EXERCISE AIM
From the entries below, return only the lines starting at the one that contains "Flynn Dresser, Gray" and ending at the one that contains "Het is wat ons", exactly as they stand.

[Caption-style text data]
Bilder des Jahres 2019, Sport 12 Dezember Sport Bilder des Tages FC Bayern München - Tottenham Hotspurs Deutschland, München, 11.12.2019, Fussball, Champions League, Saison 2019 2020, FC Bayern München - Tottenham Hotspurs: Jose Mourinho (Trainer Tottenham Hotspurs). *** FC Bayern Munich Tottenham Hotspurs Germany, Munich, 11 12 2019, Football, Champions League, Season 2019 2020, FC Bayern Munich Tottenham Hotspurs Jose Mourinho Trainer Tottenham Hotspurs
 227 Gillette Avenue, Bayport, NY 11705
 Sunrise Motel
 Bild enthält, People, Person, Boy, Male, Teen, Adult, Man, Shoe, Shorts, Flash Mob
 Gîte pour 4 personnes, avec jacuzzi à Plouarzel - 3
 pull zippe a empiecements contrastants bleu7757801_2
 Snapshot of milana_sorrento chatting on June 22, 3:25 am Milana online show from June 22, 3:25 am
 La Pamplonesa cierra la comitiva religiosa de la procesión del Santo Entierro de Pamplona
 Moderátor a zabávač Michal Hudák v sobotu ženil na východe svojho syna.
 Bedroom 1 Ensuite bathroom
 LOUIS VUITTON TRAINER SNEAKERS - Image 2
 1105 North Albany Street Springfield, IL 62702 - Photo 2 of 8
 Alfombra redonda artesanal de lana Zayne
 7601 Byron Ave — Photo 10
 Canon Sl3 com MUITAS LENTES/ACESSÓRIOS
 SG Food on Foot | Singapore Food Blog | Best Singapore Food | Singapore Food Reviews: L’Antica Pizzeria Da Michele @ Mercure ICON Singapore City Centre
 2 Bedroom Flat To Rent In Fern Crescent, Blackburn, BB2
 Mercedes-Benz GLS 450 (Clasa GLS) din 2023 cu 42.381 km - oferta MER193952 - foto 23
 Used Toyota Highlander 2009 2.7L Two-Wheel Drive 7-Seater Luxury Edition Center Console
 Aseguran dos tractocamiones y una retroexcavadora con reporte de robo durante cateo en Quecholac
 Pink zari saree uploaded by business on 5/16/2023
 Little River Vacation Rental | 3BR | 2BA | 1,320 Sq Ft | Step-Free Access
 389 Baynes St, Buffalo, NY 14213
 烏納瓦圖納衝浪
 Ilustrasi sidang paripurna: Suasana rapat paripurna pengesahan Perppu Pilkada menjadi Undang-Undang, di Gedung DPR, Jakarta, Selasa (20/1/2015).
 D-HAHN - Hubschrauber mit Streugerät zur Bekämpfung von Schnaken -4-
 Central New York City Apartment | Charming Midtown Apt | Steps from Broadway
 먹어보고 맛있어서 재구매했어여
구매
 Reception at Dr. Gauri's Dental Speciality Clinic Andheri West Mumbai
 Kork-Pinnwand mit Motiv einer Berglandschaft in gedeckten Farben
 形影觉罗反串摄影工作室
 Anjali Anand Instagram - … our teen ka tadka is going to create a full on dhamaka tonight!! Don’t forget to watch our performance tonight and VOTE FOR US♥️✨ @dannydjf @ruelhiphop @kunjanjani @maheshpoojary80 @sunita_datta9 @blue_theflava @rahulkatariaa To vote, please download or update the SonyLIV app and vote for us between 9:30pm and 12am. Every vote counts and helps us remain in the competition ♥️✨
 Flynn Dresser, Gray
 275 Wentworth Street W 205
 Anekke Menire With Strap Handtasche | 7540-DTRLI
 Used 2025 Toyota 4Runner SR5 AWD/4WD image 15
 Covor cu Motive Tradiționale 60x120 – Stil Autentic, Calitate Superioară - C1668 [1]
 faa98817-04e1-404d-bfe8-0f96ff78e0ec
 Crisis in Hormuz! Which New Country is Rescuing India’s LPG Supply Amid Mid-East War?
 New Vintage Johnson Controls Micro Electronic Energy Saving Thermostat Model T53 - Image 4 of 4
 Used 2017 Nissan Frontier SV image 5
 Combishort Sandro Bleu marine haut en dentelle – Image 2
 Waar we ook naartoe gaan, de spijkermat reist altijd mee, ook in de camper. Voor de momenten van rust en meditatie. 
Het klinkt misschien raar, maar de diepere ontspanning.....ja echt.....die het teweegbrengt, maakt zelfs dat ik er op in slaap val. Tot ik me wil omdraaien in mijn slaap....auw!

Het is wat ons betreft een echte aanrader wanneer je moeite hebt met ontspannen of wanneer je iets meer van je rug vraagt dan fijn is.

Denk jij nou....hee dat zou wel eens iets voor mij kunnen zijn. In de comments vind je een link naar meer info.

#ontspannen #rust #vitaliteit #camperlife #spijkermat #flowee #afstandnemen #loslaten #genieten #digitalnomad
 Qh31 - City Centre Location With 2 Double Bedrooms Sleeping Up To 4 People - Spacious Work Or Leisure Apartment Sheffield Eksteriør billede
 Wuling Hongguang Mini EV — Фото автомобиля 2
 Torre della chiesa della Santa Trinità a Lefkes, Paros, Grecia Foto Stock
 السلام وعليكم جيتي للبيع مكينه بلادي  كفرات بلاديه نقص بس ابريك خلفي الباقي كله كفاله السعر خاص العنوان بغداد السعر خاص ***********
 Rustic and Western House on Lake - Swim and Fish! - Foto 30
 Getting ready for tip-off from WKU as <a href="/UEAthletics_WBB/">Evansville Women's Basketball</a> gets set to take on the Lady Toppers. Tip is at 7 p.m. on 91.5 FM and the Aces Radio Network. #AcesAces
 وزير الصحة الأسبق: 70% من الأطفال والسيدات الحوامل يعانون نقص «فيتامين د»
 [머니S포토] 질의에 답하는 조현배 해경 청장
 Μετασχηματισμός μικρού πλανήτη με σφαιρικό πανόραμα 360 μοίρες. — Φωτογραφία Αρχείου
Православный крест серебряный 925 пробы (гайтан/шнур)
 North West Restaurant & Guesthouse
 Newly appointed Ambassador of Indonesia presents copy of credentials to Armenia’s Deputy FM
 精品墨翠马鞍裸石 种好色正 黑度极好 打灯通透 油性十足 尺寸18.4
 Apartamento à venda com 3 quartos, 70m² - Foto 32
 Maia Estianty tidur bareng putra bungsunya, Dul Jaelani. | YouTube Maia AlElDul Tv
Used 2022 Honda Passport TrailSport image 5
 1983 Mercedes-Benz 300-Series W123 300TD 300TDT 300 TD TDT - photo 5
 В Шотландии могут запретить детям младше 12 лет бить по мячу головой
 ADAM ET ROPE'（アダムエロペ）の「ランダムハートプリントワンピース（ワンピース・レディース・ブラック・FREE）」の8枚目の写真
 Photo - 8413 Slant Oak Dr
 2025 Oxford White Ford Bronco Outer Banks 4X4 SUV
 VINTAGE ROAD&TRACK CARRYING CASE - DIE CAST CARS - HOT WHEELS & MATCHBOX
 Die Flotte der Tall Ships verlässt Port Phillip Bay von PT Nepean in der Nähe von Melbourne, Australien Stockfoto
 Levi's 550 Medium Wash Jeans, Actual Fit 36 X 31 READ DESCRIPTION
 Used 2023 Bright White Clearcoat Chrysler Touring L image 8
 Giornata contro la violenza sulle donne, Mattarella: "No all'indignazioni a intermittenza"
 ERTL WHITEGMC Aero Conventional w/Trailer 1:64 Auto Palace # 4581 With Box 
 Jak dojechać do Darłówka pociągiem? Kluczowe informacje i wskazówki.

ANSWER TO THIS PROBLEM
 Flynn Dresser, Gray
 275 Wentworth Street W 205
 Anekke Menire With Strap Handtasche | 7540-DTRLI
 Used 2025 Toyota 4Runner SR5 AWD/4WD image 15
 Covor cu Motive Tradiționale 60x120 – Stil Autentic, Calitate Superioară - C1668 [1]
 faa98817-04e1-404d-bfe8-0f96ff78e0ec
 Crisis in Hormuz! Which New Country is Rescuing India’s LPG Supply Amid Mid-East War?
 New Vintage Johnson Controls Micro Electronic Energy Saving Thermostat Model T53 - Image 4 of 4
 Used 2017 Nissan Frontier SV image 5
 Combishort Sandro Bleu marine haut en dentelle – Image 2
 Waar we ook naartoe gaan, de spijkermat reist altijd mee, ook in de camper. Voor de momenten van rust en meditatie. 
Het klinkt misschien raar, maar de diepere ontspanning.....ja echt.....die het teweegbrengt, maakt zelfs dat ik er op in slaap val. Tot ik me wil omdraaien in mijn slaap....auw!

Het is wat ons betreft een echte aanrader wanneer je moeite hebt met ontspannen of wanneer je iets meer van je rug vraagt dan fijn is.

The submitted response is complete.